Though hundreds of companies come to campus to recruit interns and employees each year, many are narrowing their search to reach a more diverse group of students.
Four of these companies - Google, Goldman Sachs, Merrill Lynch and PepsiCo. - did just that with a recruiting event in Irvine Auditorium hosted by Lime Connect, a company that helps companies recruit students with disabilities.
A Merrill Lynch representative said that the company is still hiring despite the financial crisis.
Google University programs specialist Andrea Powers said they are looking for people who are "passionate about technology" and "innovative."
Merrill Lynch analyst and 2007 alumnus Greg Quinn said Merrill Lynch wants people "willing to learn."
"If you look at the unemployment rate for people with disabilities, it's really quite high," said Career Services senior associate director Barbara Hewitt.
Yet nobody on the event's panel of speakers mentioned the word "disability," which, for the companies, can range from learning to physical difficulties.

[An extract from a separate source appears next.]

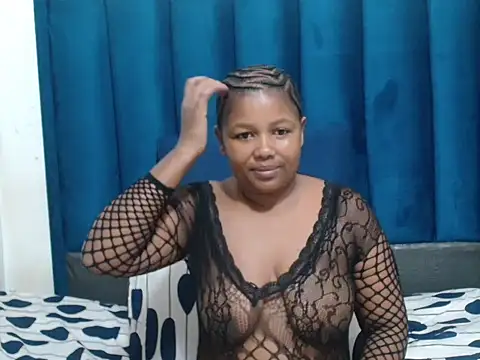 Mellowkittyyellow online show from June 5, 5:52 pm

And none of the students asked about disabilities during the question-and-answer portion of the event.
Lime President and CEO Susan Lang said, "Our partners are recruiting students with disabilities because it's the smart thing to do, not because it's the nice thing to do."
Students "want to talk about their brain-power," not about their disabilities, she said.
Events like this are important because "people may dismiss your ability to do the job when in fact you may do the job very well [with a disability]," said Hewitt.
When Lime, which was founded by Merrill Lynch, held its first recruiting event in 2006, the recruiters were surprised at the lack of wheelchairs in the room, Lang said.
But the lack of wheelchairs is to be expected - one in 10 university students has a disability, and 90 percent of disabled students have "invisible" disabilities, she explained.
Disabled students are not the only ones at the receiving end of targeted recruiting.
MBA student and Wharton Women co-President Lauren Cochran said that nearly every bank and consulting firm holds recruitment events specifically for women.
She added that the larger, public firms are often better recruiters because "their investors care" about the number of women in powerful positions.
Oliver Wyman also held a reception for lesbian, gay, bisexual and transgender students on Sept. 25.
Wharton junior Baylee Feore, president of the Wharton Alliance, said she prefers targeted recruiting events to larger, more open events because she has an opportunity to interact one-on-one with the recruiters.
The recruiters at LGBT-targeted events are also "interested in seeing LGBT people succeed," she said.
The targeted recruiting events also allow minority students "to meet other people who are like themselves who are already in the industry," said Latino Coalition chairman and Wharton junior Rami Reyes.
"A lot of organizations realize that if they only have one type of employee," said Hewitt, they aren't representing the general population. She added that different people can bring diverse ideas to the table.